Schnappauf verlangte, toxische Papiere aus den Bankbilanzen herauszunehmen. Sonst würden die Finanzierungen nicht ans Laufen kommen. Die Kreditmittelversorgung drohe andernfalls zu einem "echten Flaschenhals" für die Wirtschaft zu werden. Martin Wansleben (Deutscher Industrie- und Handelskammertag, DIHK) bestätigte wie Schnappauf, dass es keine flächendeckende Kreditklemme gebe. Allerdings gebe es für einige Branchen eine schwierige Lage. Wansleben äußerte auch die Befürchtung, dass Investitionen im Verkehrsbereich fehlgeleitet werden könnten. Ortsumgehungen und Kreisstraßen, für die es Planfeststellungsbeschlüsse gebe, könnten gebaut werden, Engpässe auf Autobahnen hingegen bestehen bleiben.
Professor Peter Bofinger (Universität Würzburg) erklärte, es sei nicht nachvollziehbar, warum die steuerlichen Maßnahmen des Pakets erst in der zweiten Jahreshälfte 2009 wirksam werden sollten. Das passe nicht zum Verlauf der Krise und sei ein Fehler. Der private Verbrauch sei rückläufig. "Die ganze Story mit dem guten Weihnachtsgeschäft war falsch", erklärte Bofinger. Der Sachverständige äußerte sich zwar kritisch zur Abwrackprämie für Altautos, betonte jedoch zugleich, wenn die Maßnahme den gewünschten Effekt bringe, sei sie gerechtfertigt. Bofinger kritisierte auch die Absicht, eine Schuldenbremse einzuführen. Damit würden die deutschen Sparer ab 2020 veranlasst, ausländischen Staaten Geld zu leihen.
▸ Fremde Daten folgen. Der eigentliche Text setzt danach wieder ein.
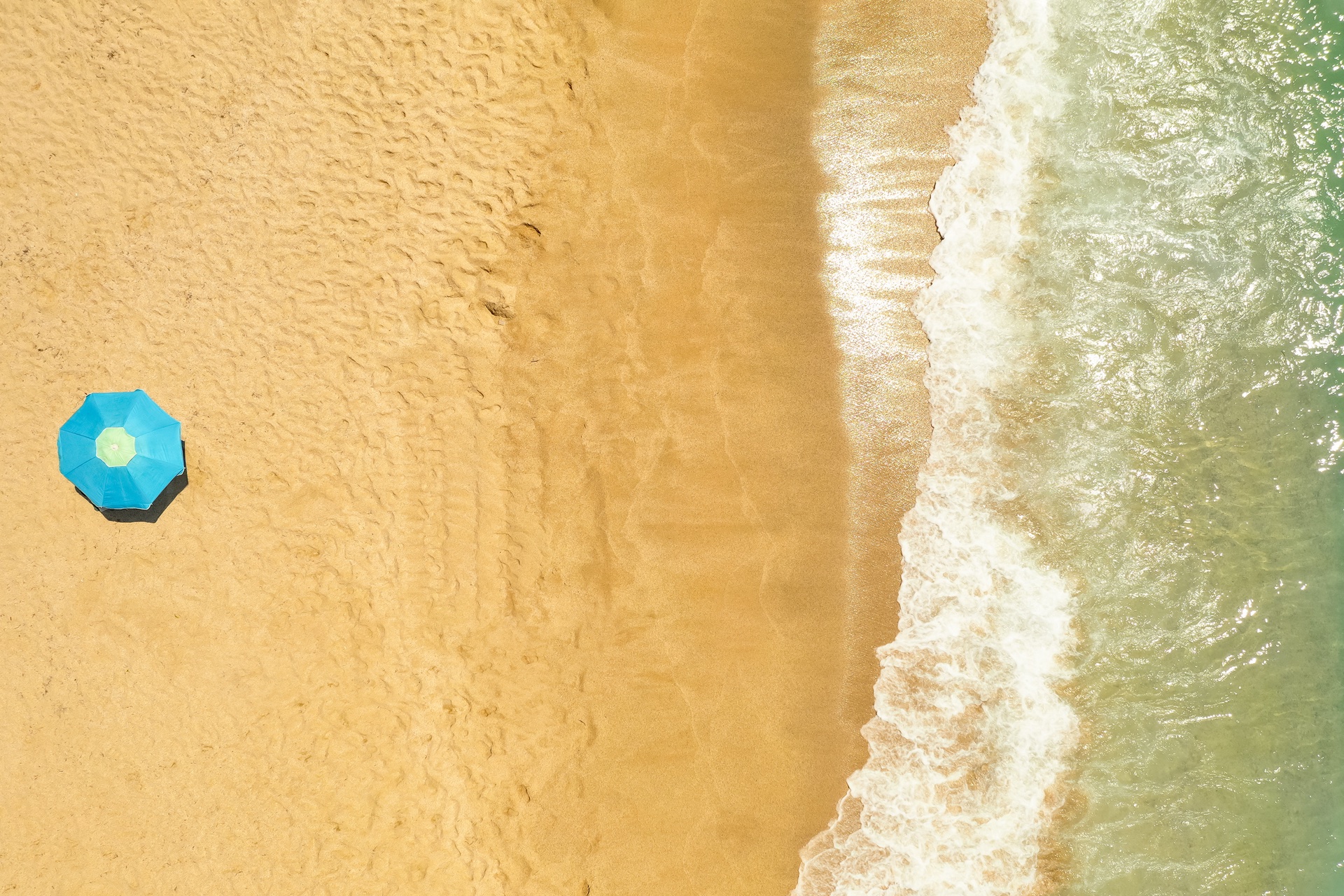 Aerial view of a golden sandy beach with a single blue parasol beside breaking turquoise waves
Das sollte in diesem Zusammenhang bedacht werden. In einer gemeinsamen schriftlichen Stellungnahme mit Professorin Beatrice Weder die Mauro schrieb Bofinger, es müsse in der aktuellen Situation vor allem darum gehen, "die sich seit Mitte September herausgebildete globale Abwärtsspirale möglichst rasch zu stoppen". Insgesamt leiste das Paket jedoch einen wichtigen Beitrag zur Stabilisierung der gesamtwirtschaftlichen Nachfrage und zugleich zur Stärkung der Wachstumskräfte.
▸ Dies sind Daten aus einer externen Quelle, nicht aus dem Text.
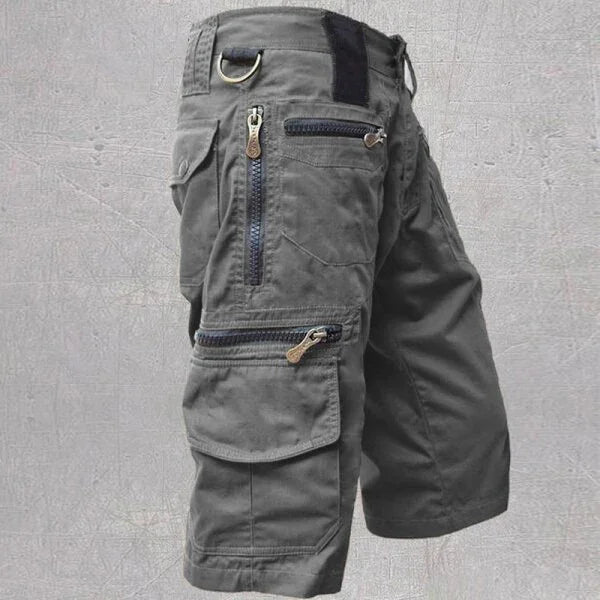 Men's gray cargo shorts with multiple zippered pockets and a D-ring on waistband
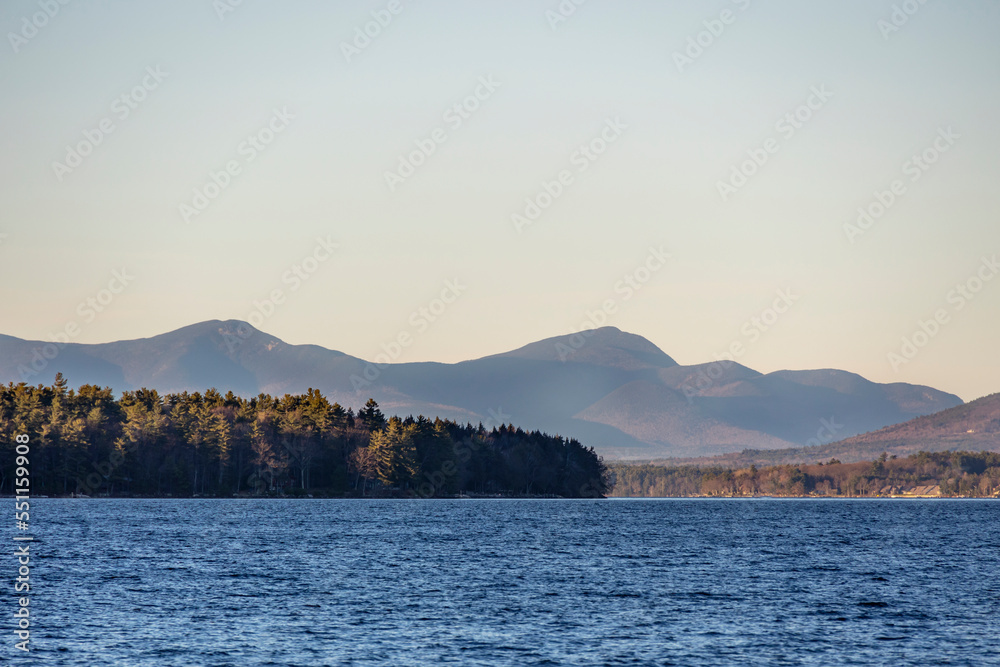 Mountain peaks in the distance behind a lake in the fall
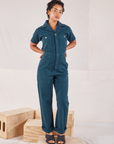 Mika is wearing Heritage Short Sleeve Jumpsuit in Lagoon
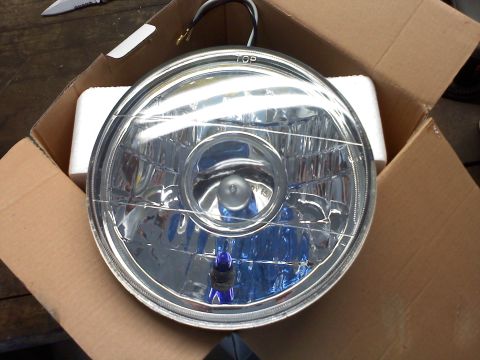 1992 Ford Bronco - A single headlight assembly is shown inside its packaging, ready for installation.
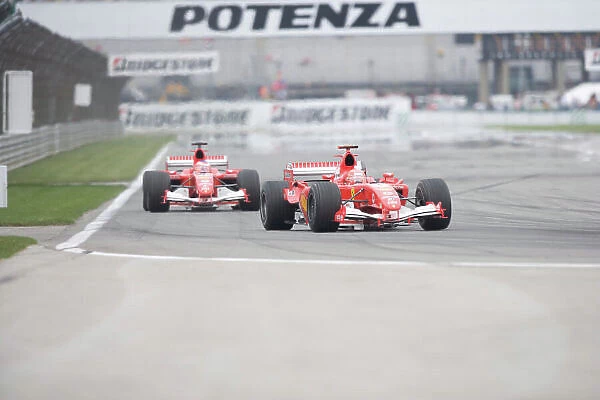2005 United States Grand Prix - Sunday Race, Indianapolis, USA. 19th June 2005 Michael Schumacher, Ferrari F2005 team mate Rubens Barrichello, Ferrari F2005, run in 1st and 2nd formation, during the 6 car race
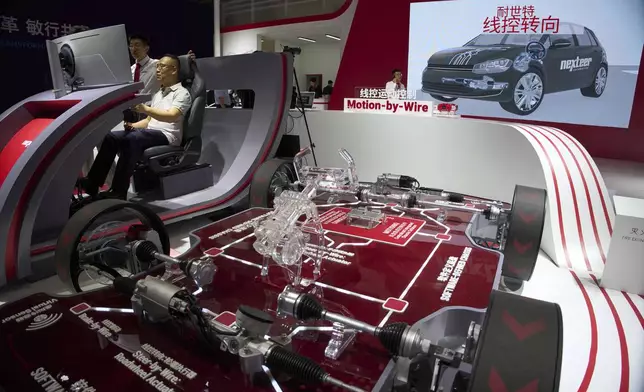A visitor tries out a driving platform at the booth for auto parts manufacturer Nexteer Automotive during the Shanghai auto show on Thursday, April 24, 2025. (AP Photo/Ng Han Guan)
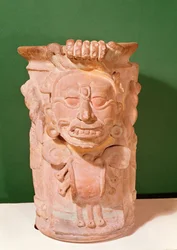 Cylindrical vase with the head of a sun god, Classic Period, 7th-10th century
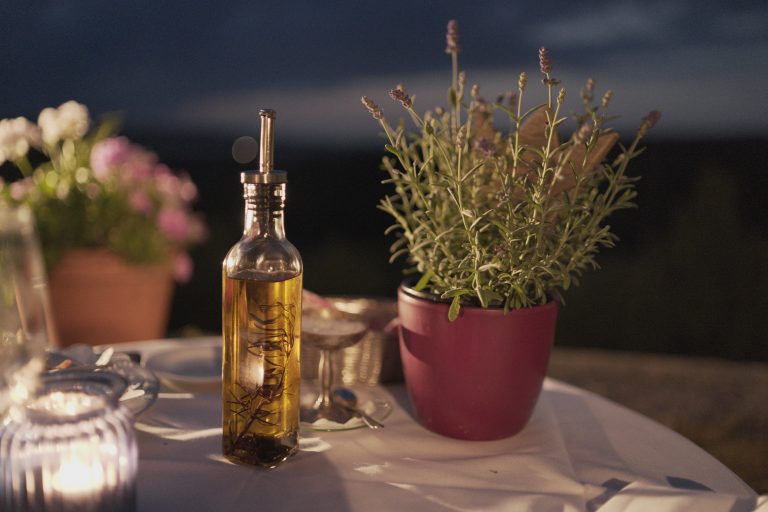 A bottle of olive oil and other items on a table at night time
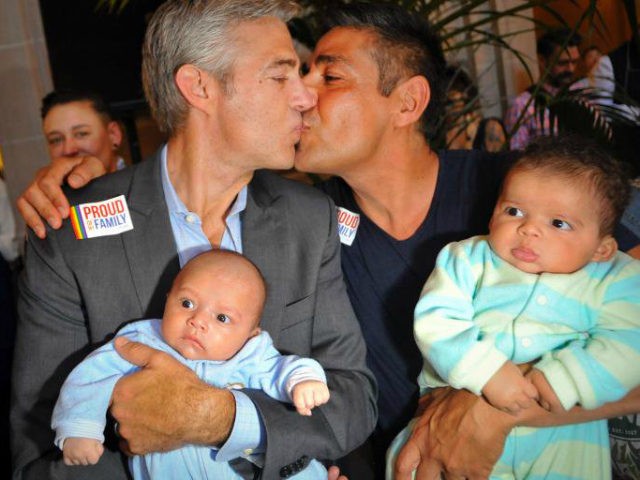 Chris Roe (L) and Roby Chavez (R) celebrate while holding their soon-to-be adopted children as the US Supreme Court ruling is announced on June 26, 2013. The US Supreme Court struck down The Defense of Marriage Act (DOMA) today, and declared that same-sex couples who are legally married deserve equal …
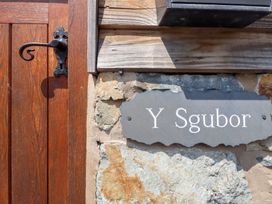 A door with a sign that says Y Sgubor at Ysgubor Pwlliago, Pennant Valley near Llangynog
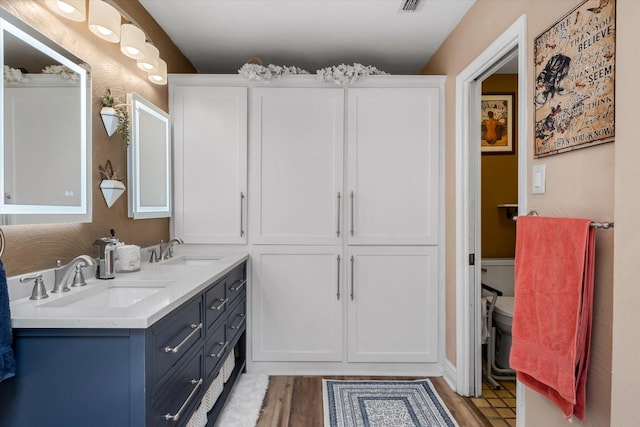 bathroom featuring vanity, hardwood / wood-style floors, and toilet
Auch die Hans-Böckler-Stiftung kommt in einer schriftlich vorgelegten Stellungnahme zu dem Schluss, dass das Programm trotz seines beachtlichen Volumens zu spät komme. Wegen der zeitlichen Verzögerungen sei ein Schrumpfen der Wirtschaft in diesem Jahr nicht zu verhindern. Der Mitteleinsatz sei allerdings wegen des hohen Anteils an Steuer- und Abgabensenkungen ineffizient.
Hans Barbier (Ludwig-Erhard-Stiftung) sagte mit Blick auf die geplanten Steuersenkungen, ihn bringe es an den Rand der Verzweiflung, "dass dieses Land und seine Parteienlandschaft nicht davon ablassen können, sich Verteilungssorgen zu machen". Man stehe wenige Meter vor dem Abgrund. So eine Politik sei für ihn für längere Zeit diskreditiert.